### Raw data
▶

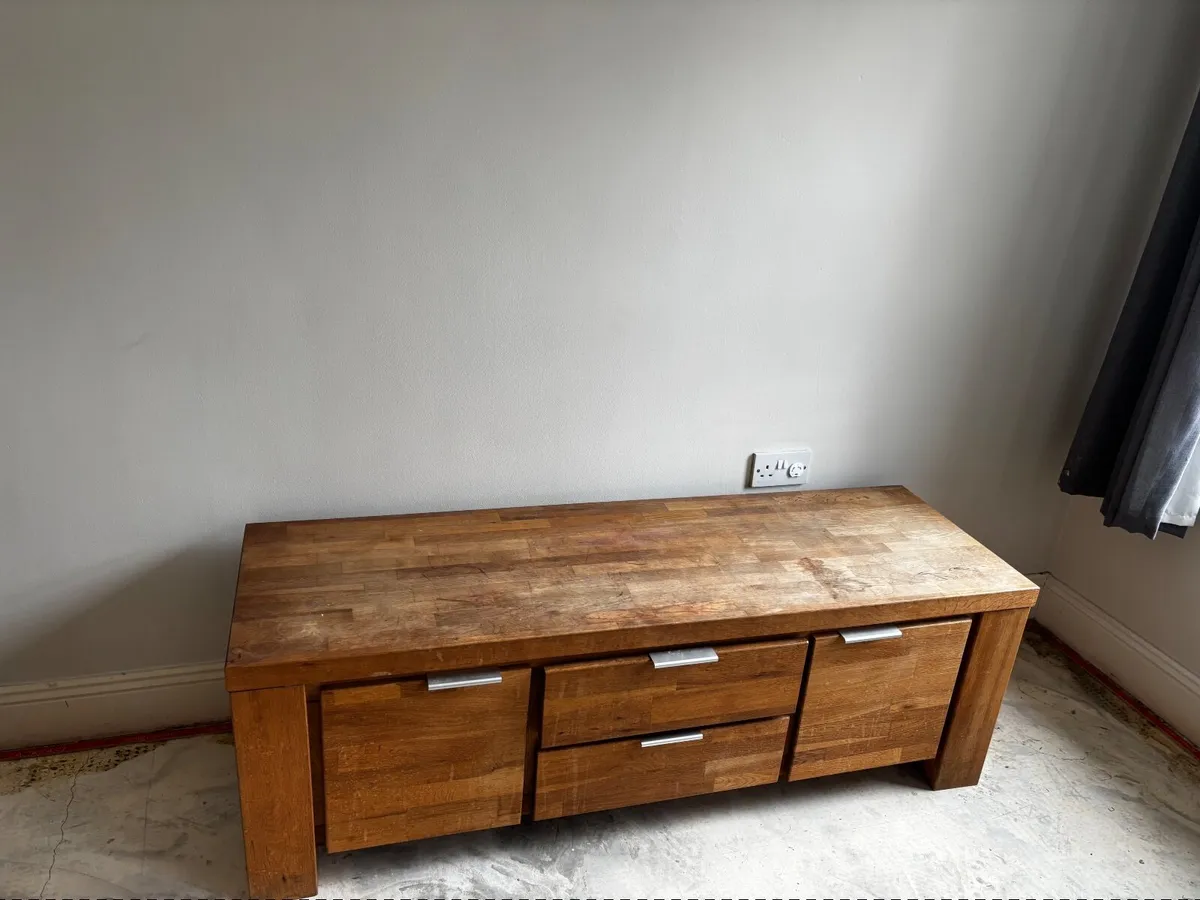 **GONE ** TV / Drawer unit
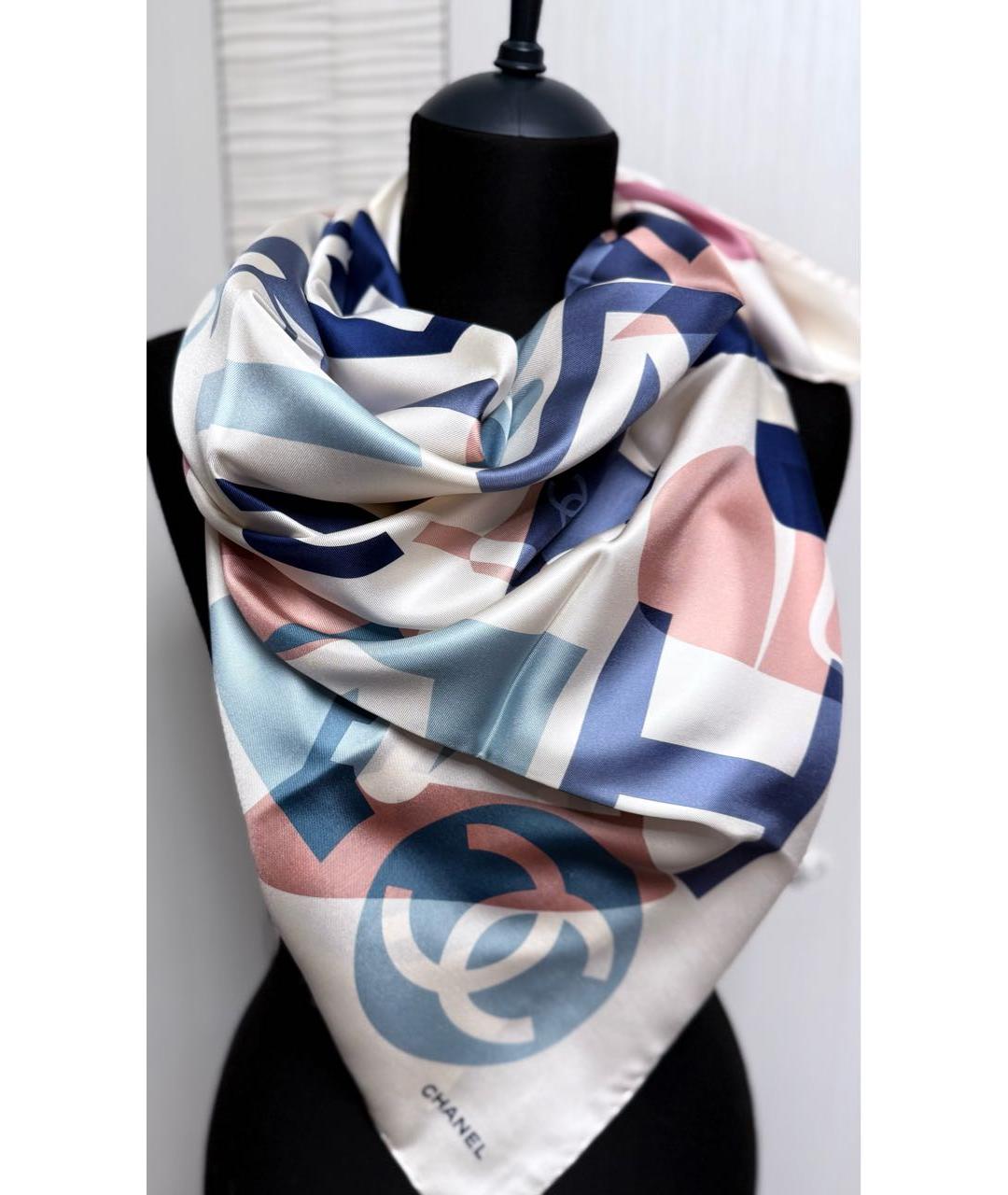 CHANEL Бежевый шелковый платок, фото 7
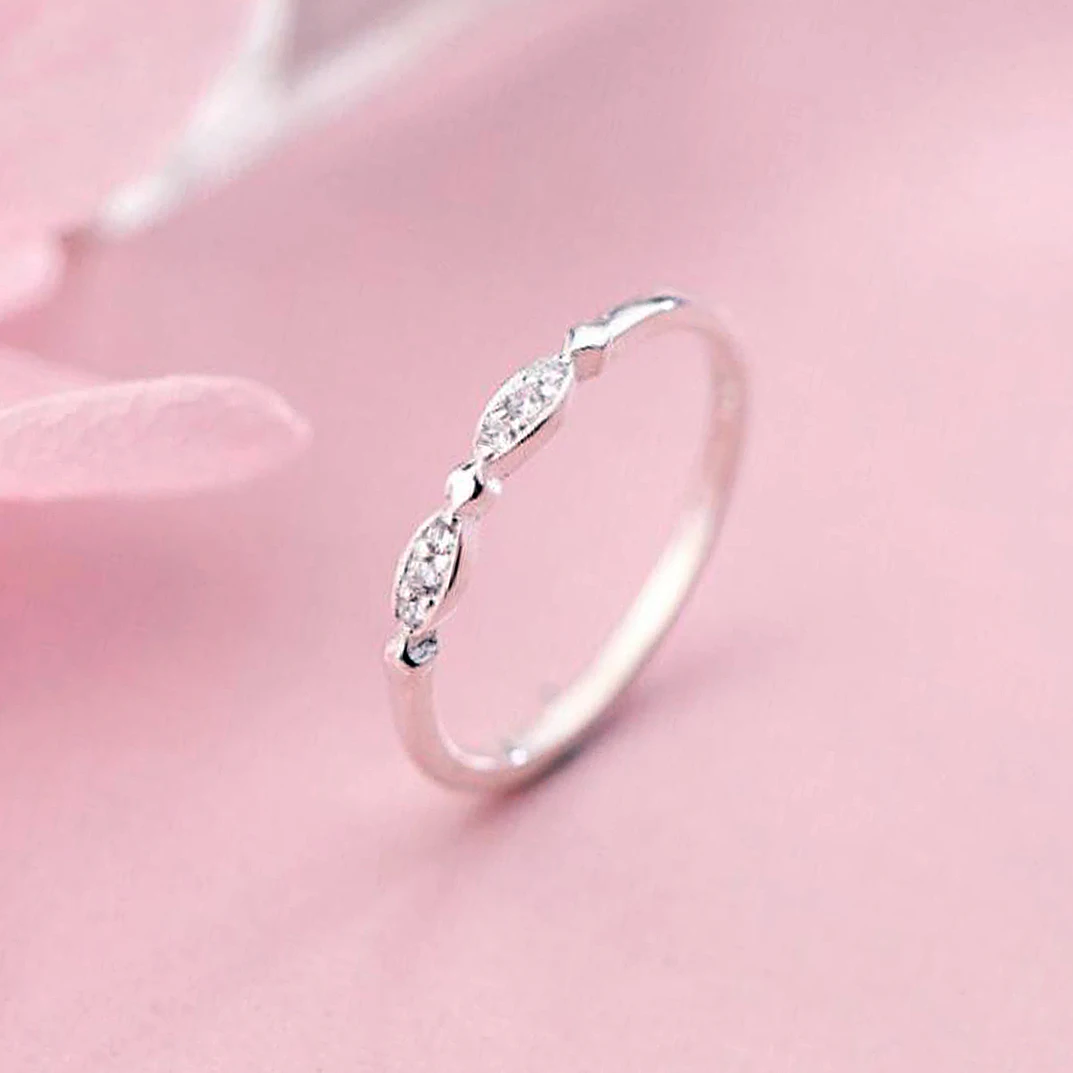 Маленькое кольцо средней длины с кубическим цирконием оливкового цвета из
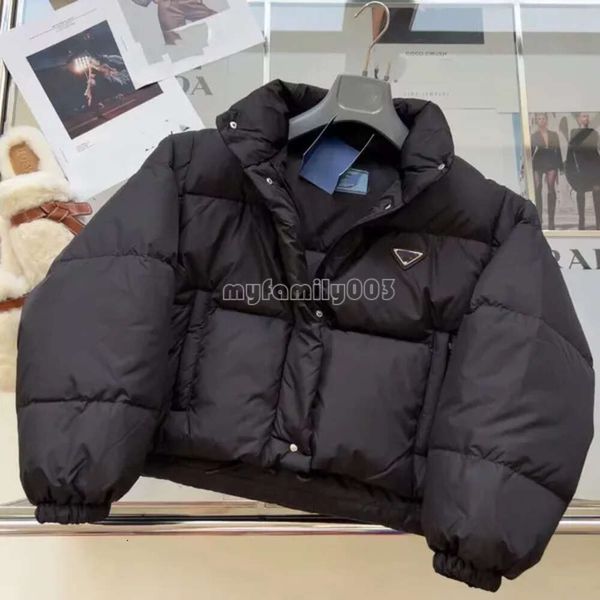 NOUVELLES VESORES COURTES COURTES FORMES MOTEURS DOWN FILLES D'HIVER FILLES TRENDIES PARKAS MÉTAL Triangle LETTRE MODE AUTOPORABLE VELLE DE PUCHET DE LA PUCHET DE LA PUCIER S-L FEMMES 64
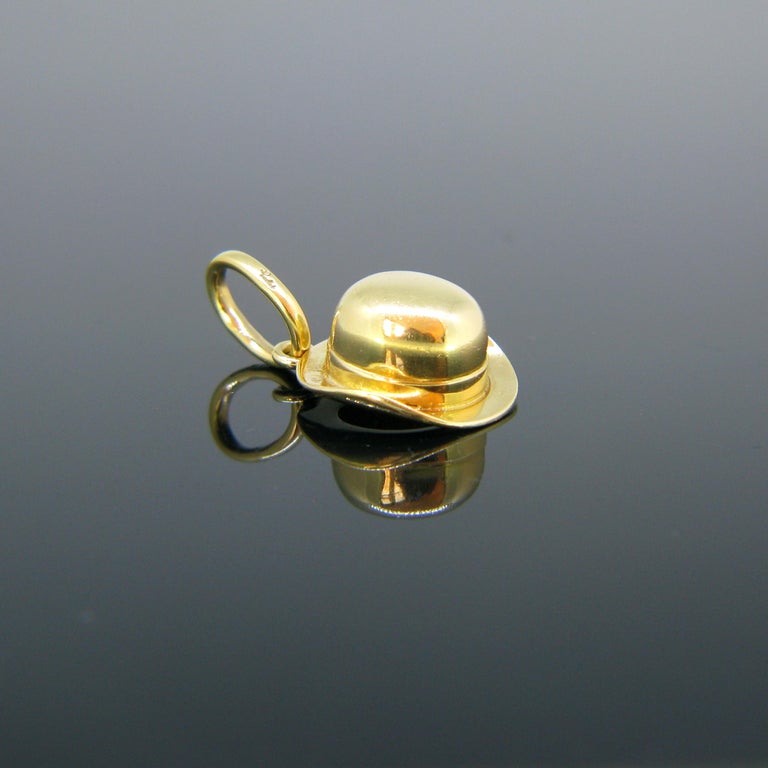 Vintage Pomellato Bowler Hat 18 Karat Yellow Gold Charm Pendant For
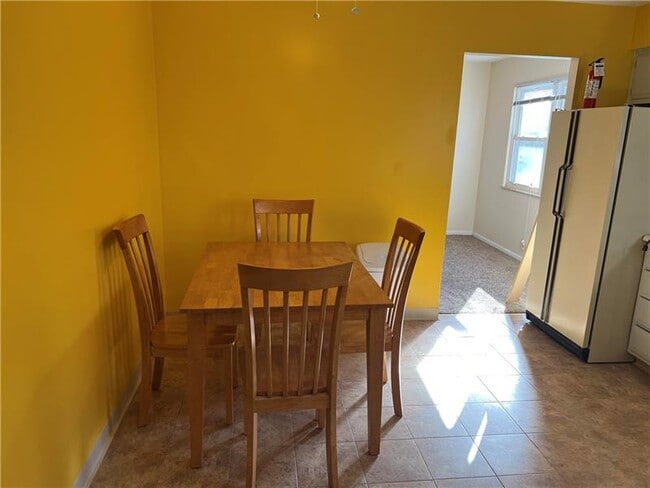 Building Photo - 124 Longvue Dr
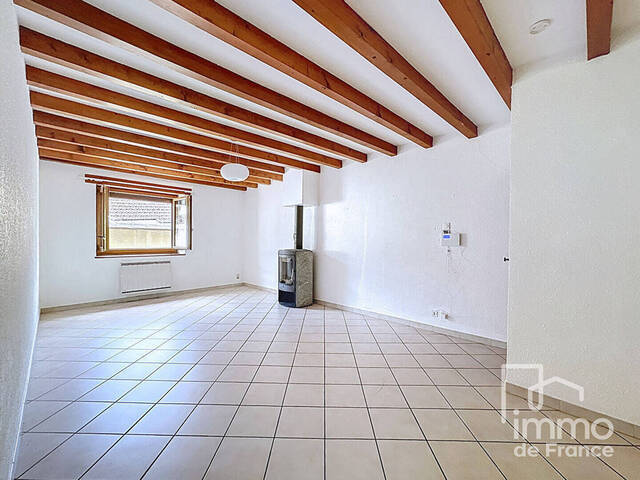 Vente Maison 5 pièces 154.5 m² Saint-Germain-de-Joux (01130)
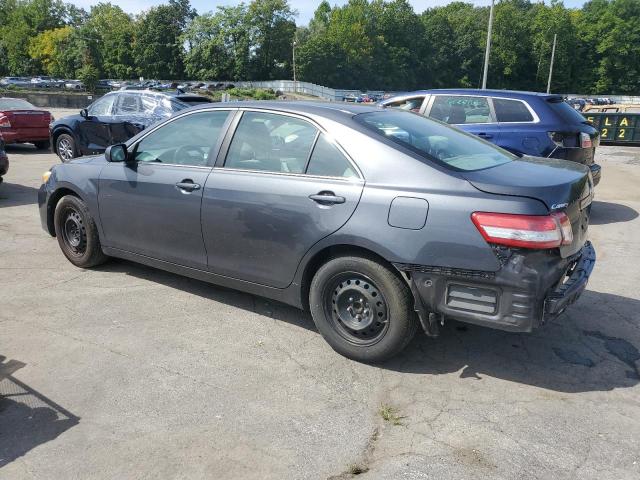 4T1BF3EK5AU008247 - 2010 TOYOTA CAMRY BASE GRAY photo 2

◀

Excluding the pictures, retype the line containing "Vente Maison 5" and all lines after it down to the end of the data above.

### Result of the task
 Vente Maison 5 pièces 154.5 m² Saint-Germain-de-Joux (01130)
 4T1BF3EK5AU008247 - 2010 TOYOTA CAMRY BASE GRAY photo 2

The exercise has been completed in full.